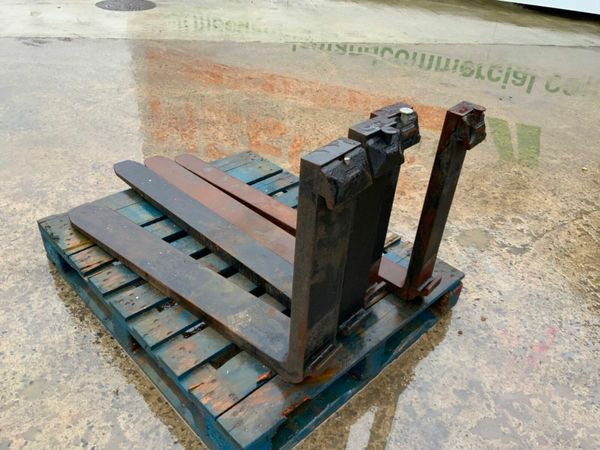 ASSORTED FORKLIFT / TELEPORTER  FORKS. 379602715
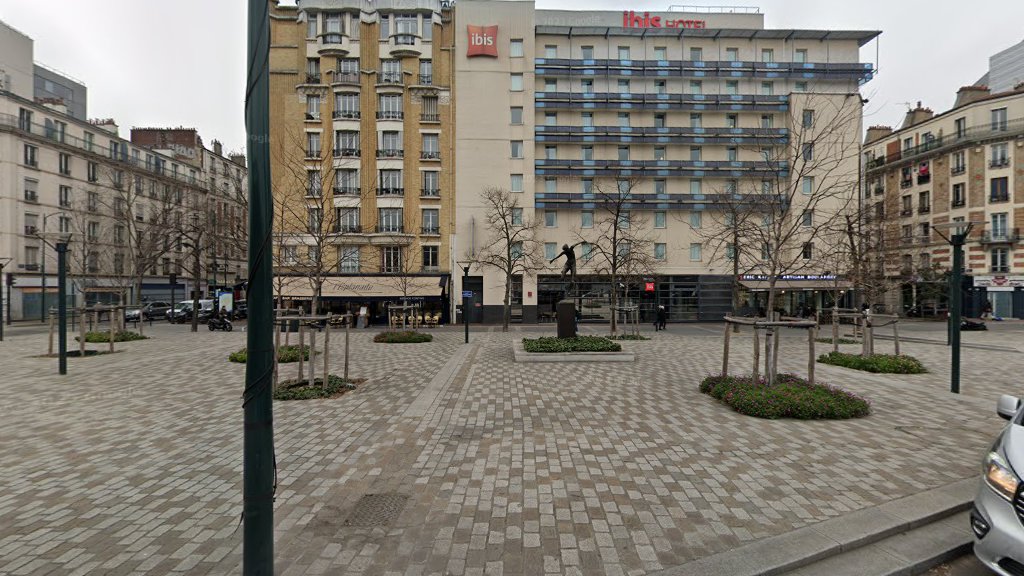 EK CLICHY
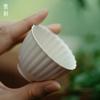 Juego de té de cerámica de kung fu con tapa de crisantemo y planta tallada a mano, taza maestra, taza pequeña, taza de té, taza de degustación personal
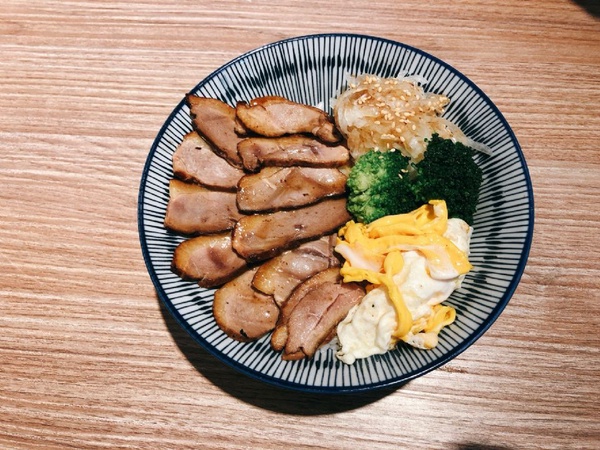 投幣式餐廳全台總推薦！自己手沖玫瑰牛肉太療癒！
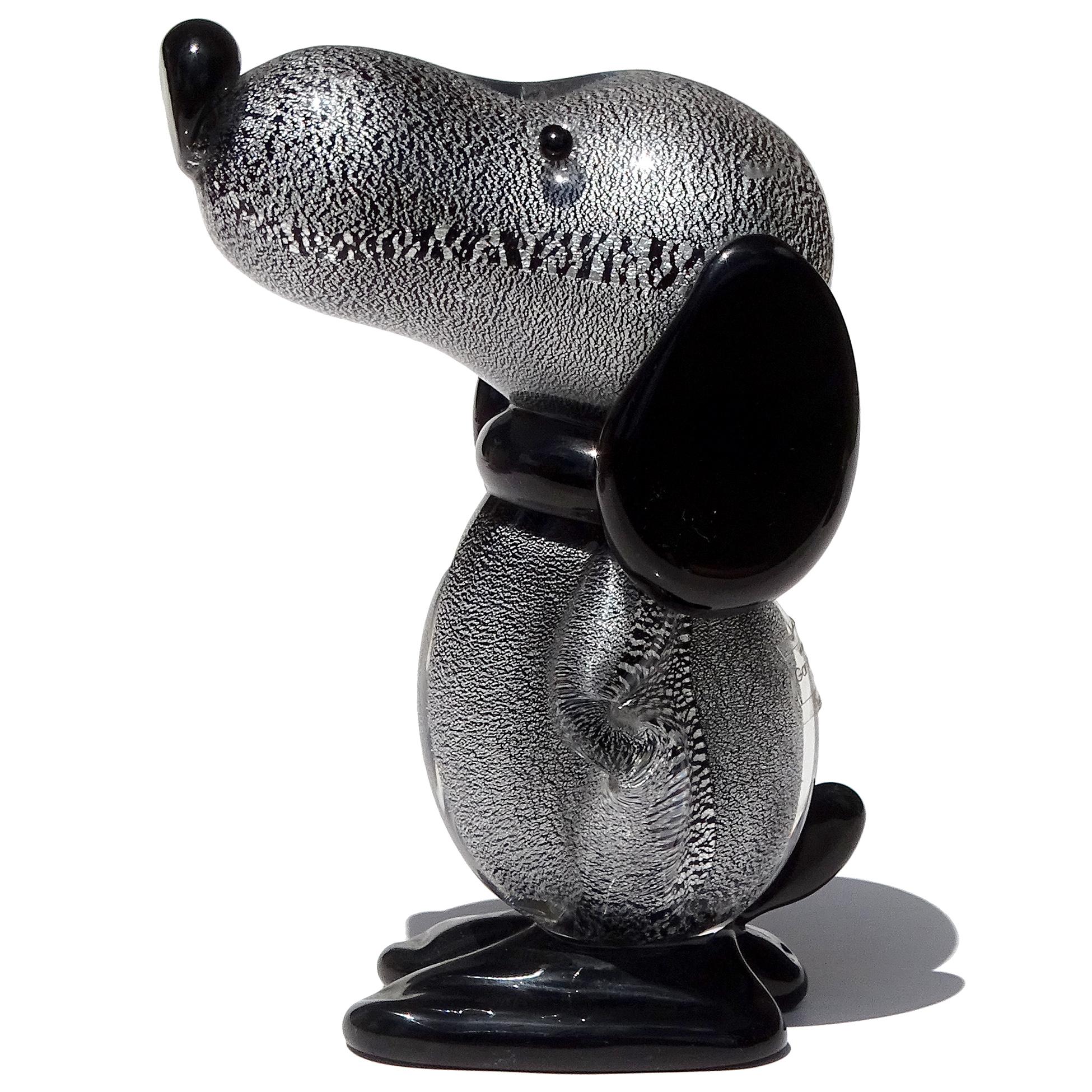 Bellissima scultura / figura vintage in vetro artistico italiano di Murano soffiato a mano, nero e con macchie d'argento, del cucciolo di cane Snoopy. Documentato presso l'officina Gambaro & Poggi, con etichetta originale trasparente e dorata ancora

==================================================

■ **Task item**: Transcribe the listing above in full. Pictures are not part of the copy.

■ **Result**:
 ASSORTED FORKLIFT / TELEPORTER  FORKS. 379602715
 EK CLICHY
 Juego de té de cerámica de kung fu con tapa de crisantemo y planta tallada a mano, taza maestra, taza pequeña, taza de té, taza de degustación personal
 投幣式餐廳全台總推薦！自己手沖玫瑰牛肉太療癒！
 Bellissima scultura / figura vintage in vetro artistico italiano di Murano soffiato a mano, nero e con macchie d'argento, del cucciolo di cane Snoopy. Documentato presso l'officina Gambaro & Poggi, con etichetta originale trasparente e dorata ancora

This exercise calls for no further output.